* WORK TO BE COMPLETED *
Beginning at the line containing "Tagakaaned Mercedes-Benz Mercedes", repeat each line below exactly up to and including the line containing "Kave Home 2-zits". Do not repeat the pictures.

* ENTRIES SUPPLIED *
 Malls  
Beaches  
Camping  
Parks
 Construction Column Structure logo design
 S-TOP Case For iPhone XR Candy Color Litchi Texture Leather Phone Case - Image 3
...
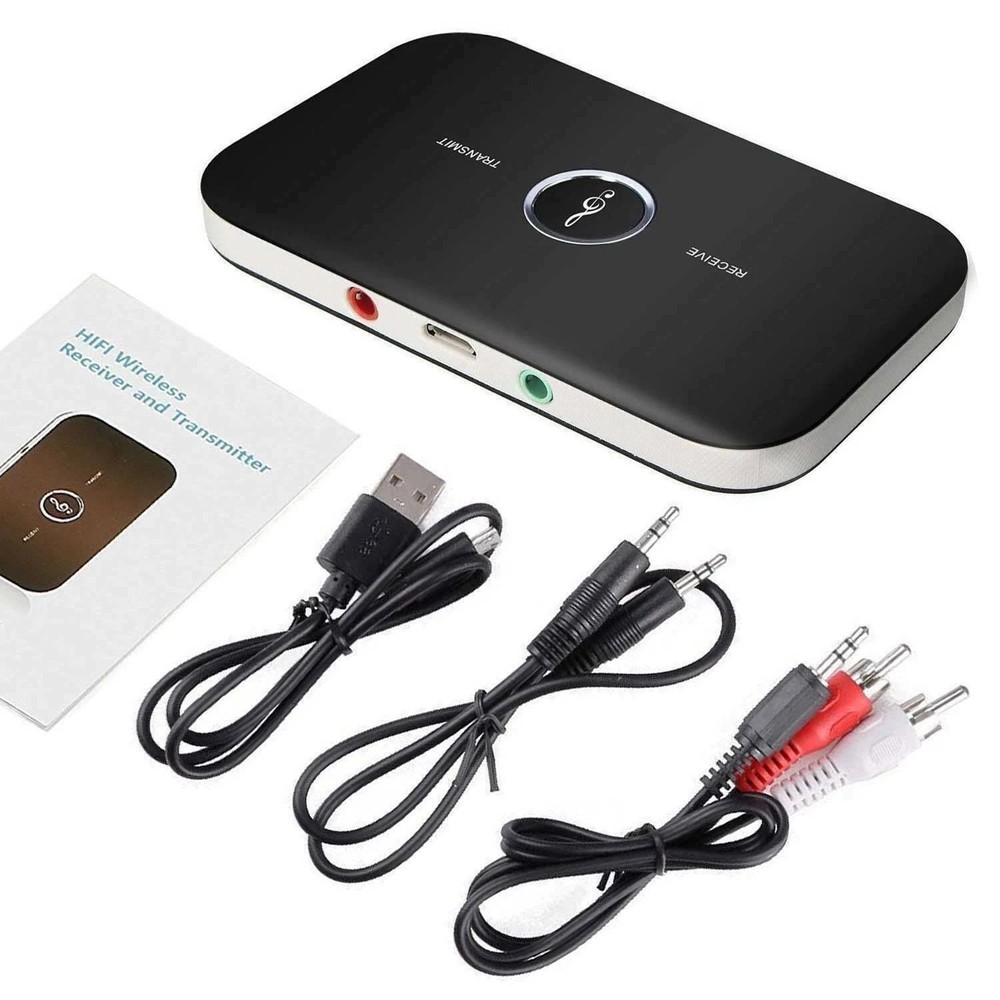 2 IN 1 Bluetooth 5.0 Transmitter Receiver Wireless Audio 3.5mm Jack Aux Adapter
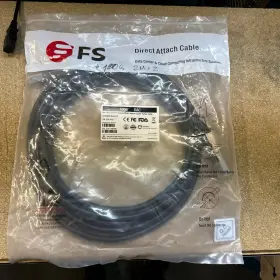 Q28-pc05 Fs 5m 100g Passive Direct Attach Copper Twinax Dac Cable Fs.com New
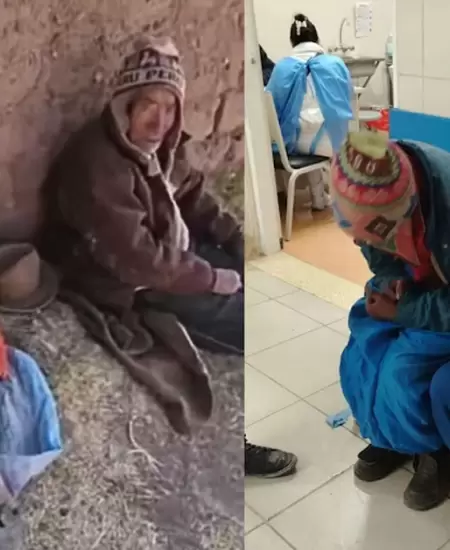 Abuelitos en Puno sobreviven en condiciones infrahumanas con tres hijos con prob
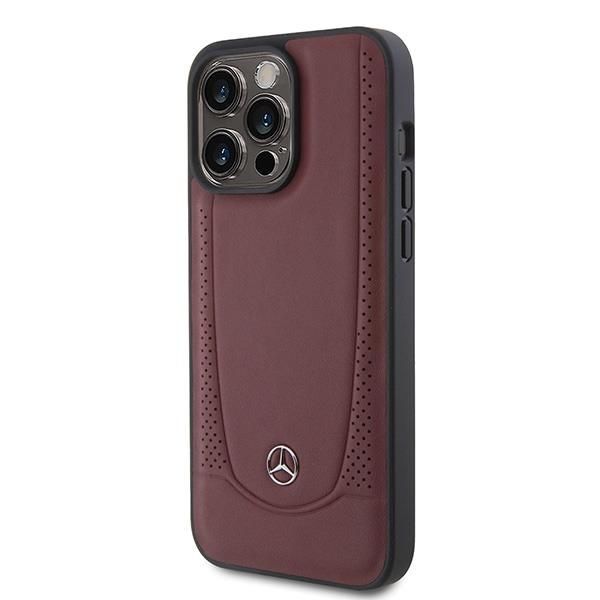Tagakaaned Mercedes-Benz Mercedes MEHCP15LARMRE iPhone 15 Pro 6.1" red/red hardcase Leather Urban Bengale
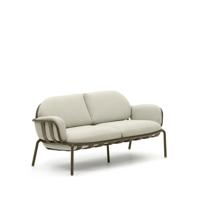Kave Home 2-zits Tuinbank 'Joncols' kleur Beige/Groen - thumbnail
* * *
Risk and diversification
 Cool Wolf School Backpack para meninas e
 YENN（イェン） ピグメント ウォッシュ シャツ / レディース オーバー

* TASK SOLUTION *
Tagakaaned Mercedes-Benz Mercedes MEHCP15LARMRE iPhone 15 Pro 6.1" red/red hardcase Leather Urban Bengale
Kave Home 2-zits Tuinbank 'Joncols' kleur Beige/Groen - thumbnail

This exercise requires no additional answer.